[Dataset items]
○ ○ ○ ○ ○

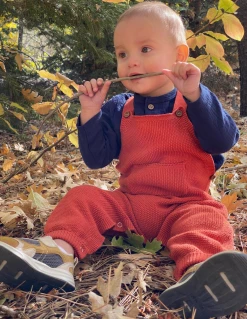 Me & Henry/Ettie & H Fall New Arrivals Pumpkin Knit Perran Overall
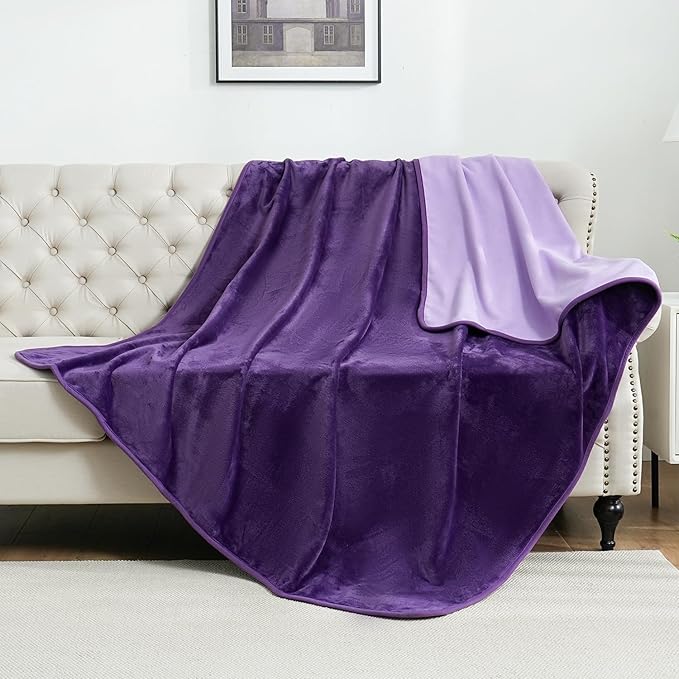 SOCHOW Waterproof Blanket for Bed Sofa Couch, Water Resistant Blanket Washable 60"x80", Reversible Leakproof Bed Cover for Adults Elderly Pets, Deep Purple & Light Purple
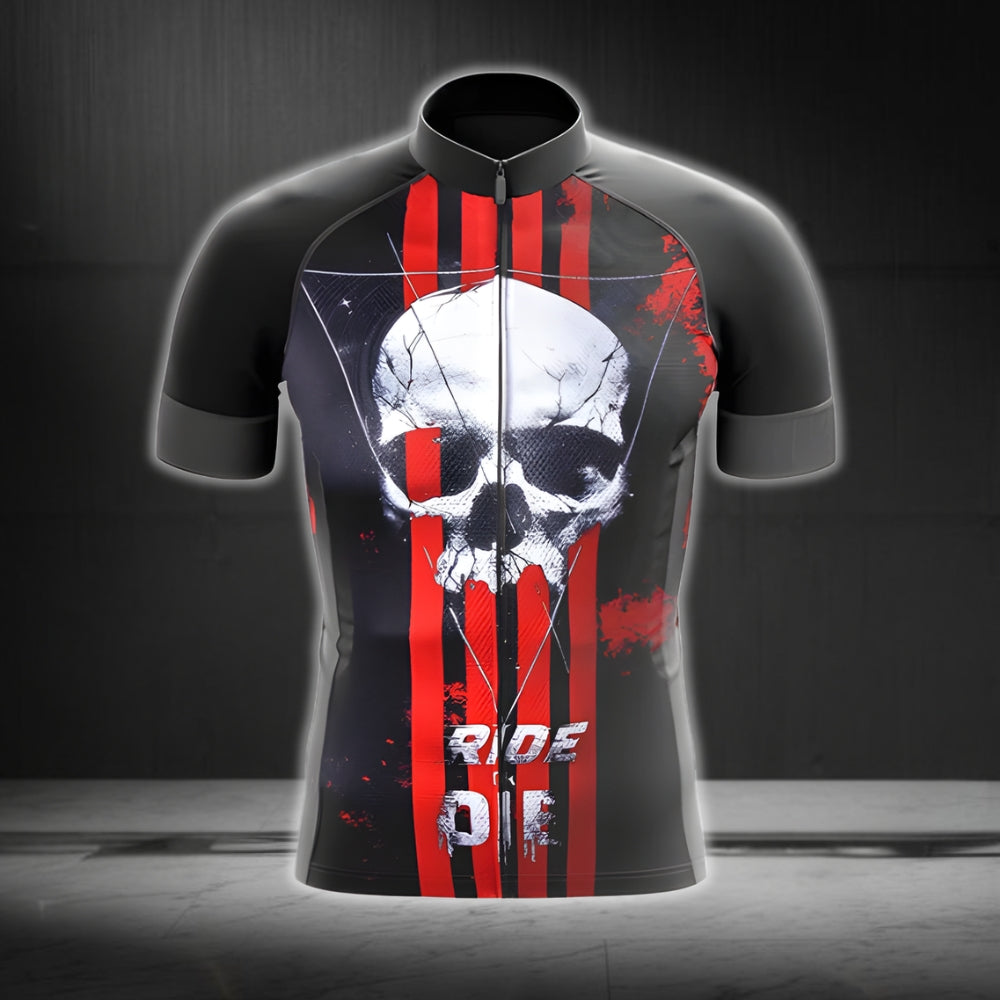 Ride Or Die Men's Black And Red Skull Cycling Jersey Short Sleeve, Skull Cycling Jerseys CG0037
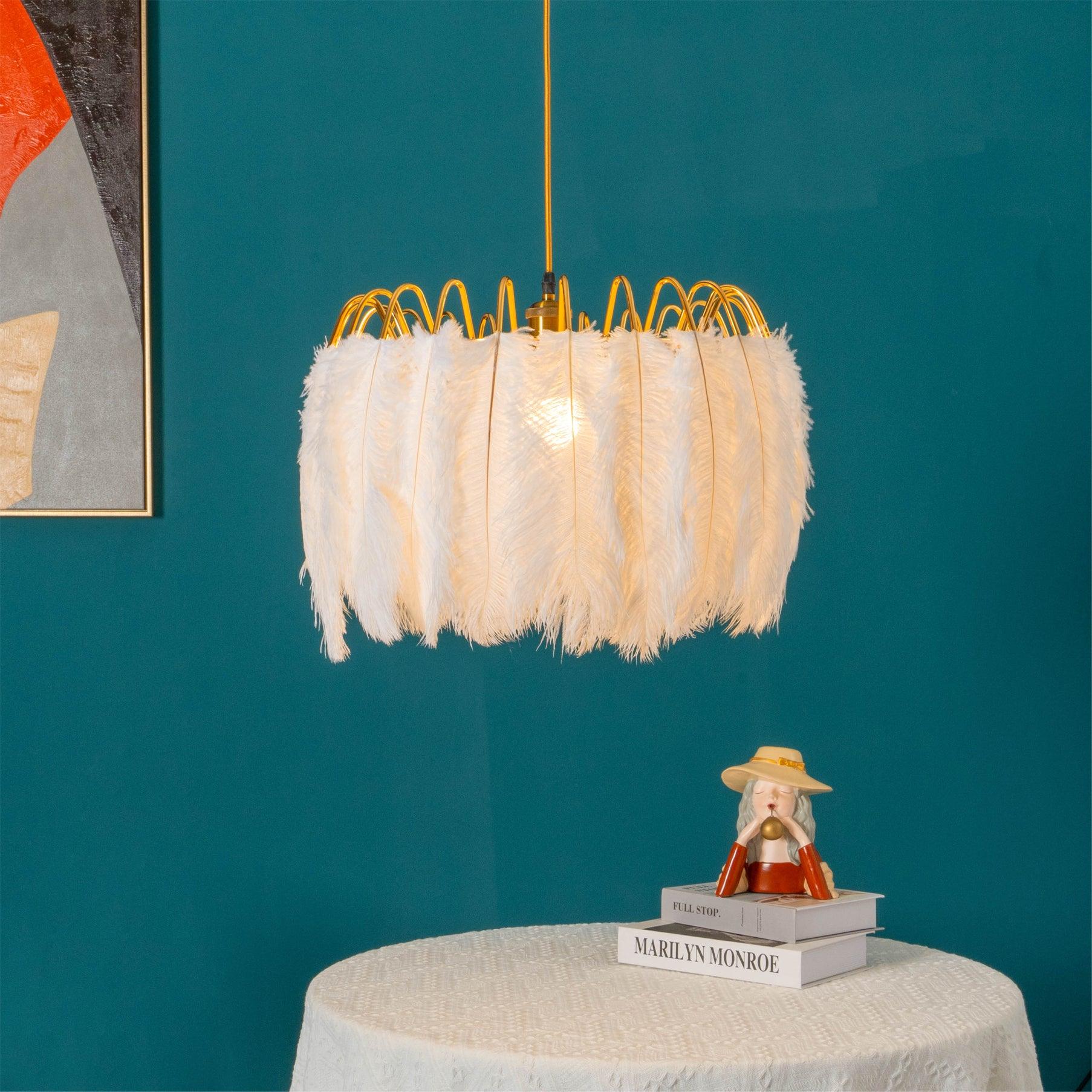Elegant Modern Feather Pendant Light with Gold Metal Frame for Bedroom and Living Room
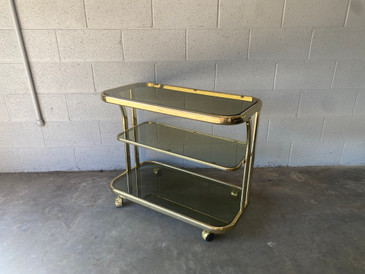 SOLD - 1980s Brass Rolling Cart
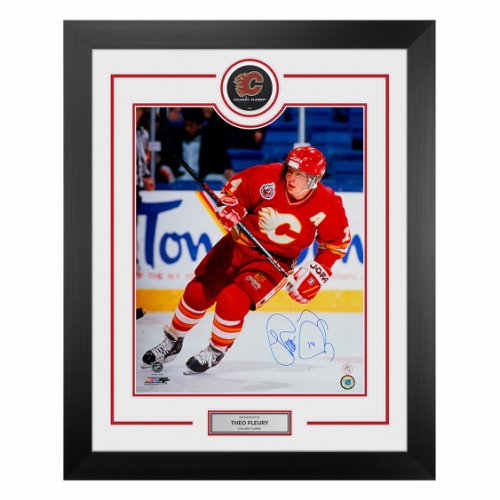 Theo Fleury Autographed Signed Calgary Flames Puck Logo 26x32 Frame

○ ○ ○ ○ ○

TASK PROMPT.
Text only, pictures out: give every record again as written.

SOLUTION TO THIS EXERCISE.
 Me & Henry/Ettie & H Fall New Arrivals Pumpkin Knit Perran Overall
 SOCHOW Waterproof Blanket for Bed Sofa Couch, Water Resistant Blanket Washable 60"x80", Reversible Leakproof Bed Cover for Adults Elderly Pets, Deep Purple & Light Purple
 Ride Or Die Men's Black And Red Skull Cycling Jersey Short Sleeve, Skull Cycling Jerseys CG0037
Elegant Modern Feather Pendant Light with Gold Metal Frame for Bedroom and Living Room
 SOLD - 1980s Brass Rolling Cart
 Theo Fleury Autographed Signed Calgary Flames Puck Logo 26x32 Frame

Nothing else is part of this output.